China’s new-home prices rose last month in 68 of 70 cities tracked by the government, indicating Premier Li Keqiang will need to maintain efforts to cool the property market even as economic growth slows.
Increases in Guangzhou, Beijing and Shanghai were the biggest on a yearly basis since a change in data methodology in January 2011, a report from the National Bureau of Statistics showed May 18. The number of cities showing gains from a year earlier was the same as in March.
China’s policy makers are trying to avoid property bubbles and make homes more affordable while bolstering an economy that lost steam in the first quarter.
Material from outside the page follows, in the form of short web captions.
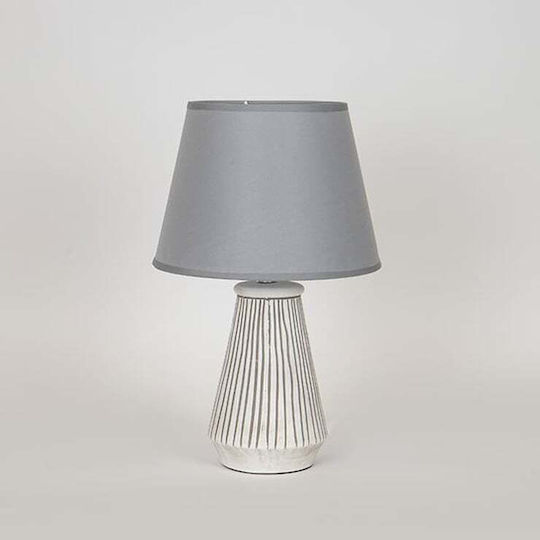 Eurolamp Κεραμικό Πορτατίφ για Ντουί E14 με Γκρι Καπέλο και Λευκή Βάση
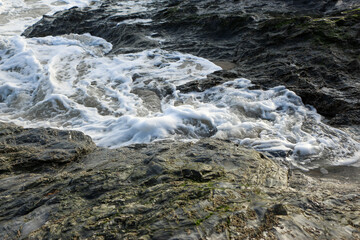 Waves crashing over the rocks following an Atlantic storm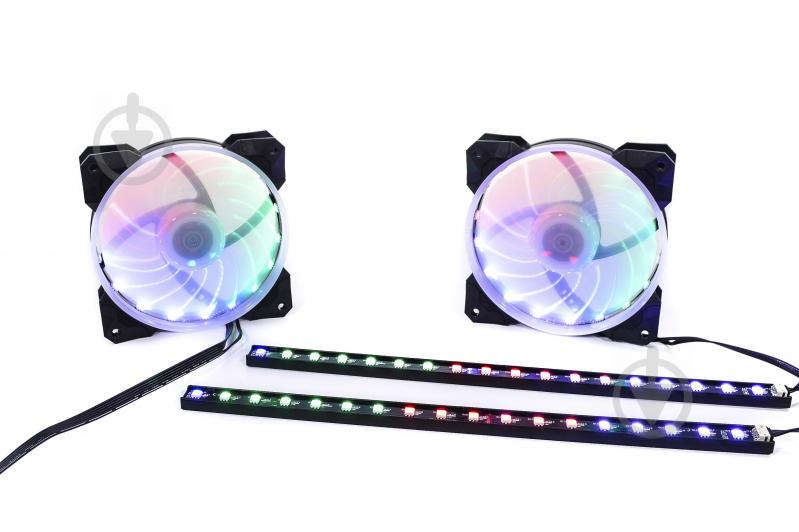 Корпусний кулер+cвітлодіодна стрічка QUBE RAINBOW CHAMELION KIT + Fans 120mm 18LED (RGB_CHAMELION_KITv01) - фото 3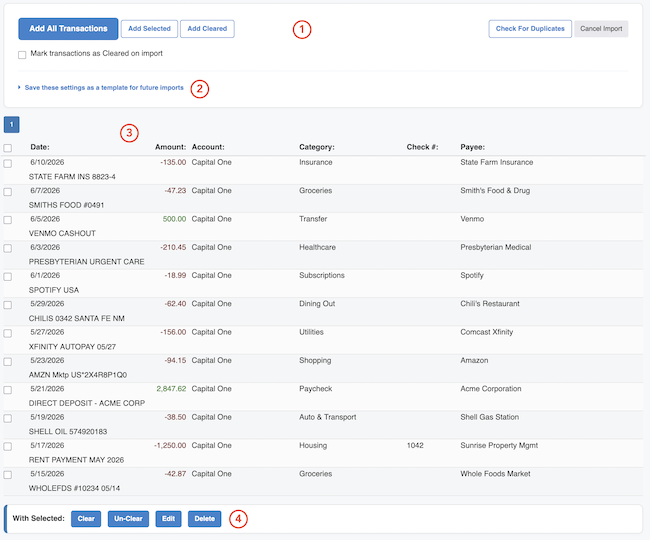 Import Transactions -  Verify Imported Transactions page layout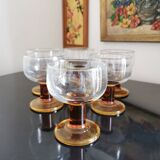 Set of 6 amber stemmed glasses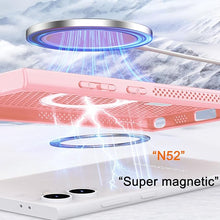 Load image into Gallery viewer, CCSmall for Apple iPhone 16 Heat Dissipation Case with Magnetic Ring, Mesh Breathable Hollow Cellular Hole Slim Phone Case Cover for iPhone 16 SR Pink
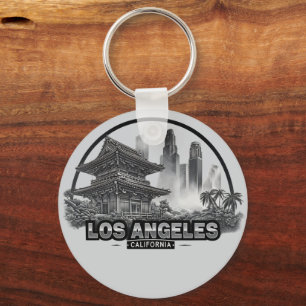 Cute Minimalist Los Angeles City California USA Keychain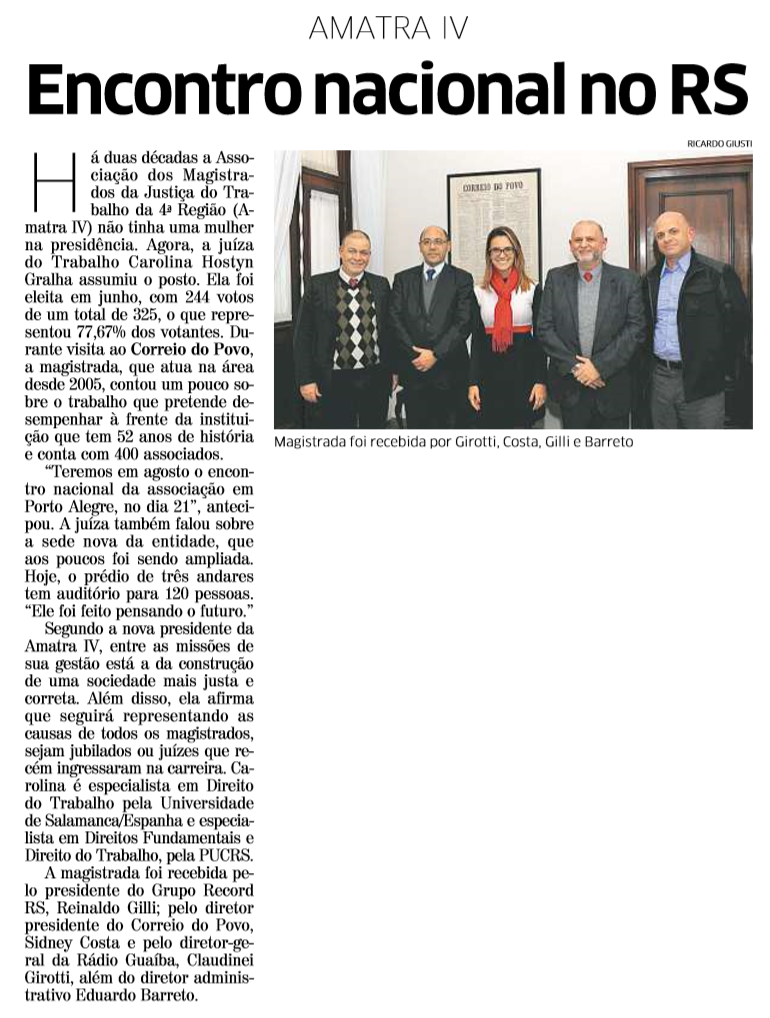 AMATRA na mídia: matéria no Correio do Povo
Expanding a campaign against housing speculation could choke off real-estate development that is helping counter a slowdown in manufacturing investment and supporting demand for steel, cement and household goods.
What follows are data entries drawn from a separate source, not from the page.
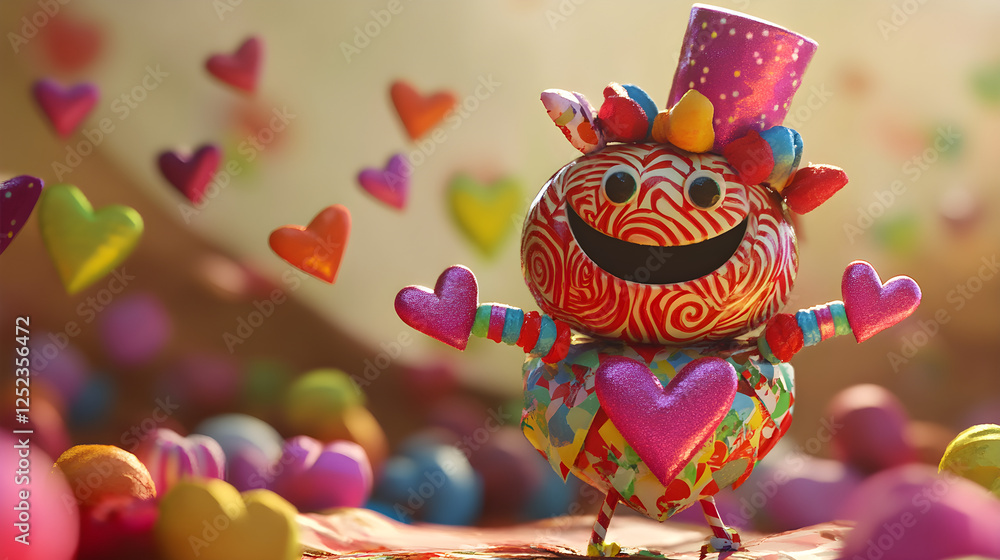 Poster a candy wrapper character with heart patterns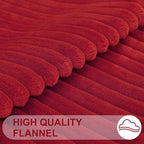 Simmore Decorative Throw Pillow Covers 18x18 Set of 2, Soft Natural Plush Flannel Double-Sided Fluffy Couch Pillow Covers for Sofa Living Room, Red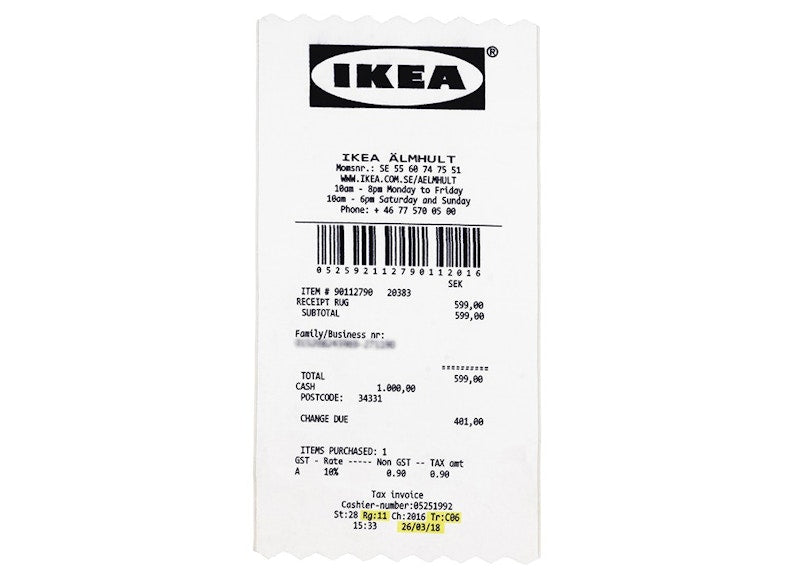 Tapis Virgil Abloh x IKEA MARKERAD « RECEIPT » 201 x 89 cm Blanc/Noir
“The government faces a dilemma,” said Zhang Zhiwei, chief China economist at Nomura Holdings Inc. in Hong Kong. “They have to make a choice between property prices and economic growth.”
Efforts to cool the property market coincide with rising labor costs that threaten to erode China’s attractiveness as a world manufacturing hub. The average annual wage for urban private company employees jumped 14 percent in 2012 from a year earlier, the statistics bureau said last week. Economic growth of 7.7 percent in the first quarter trailed analyst estimates.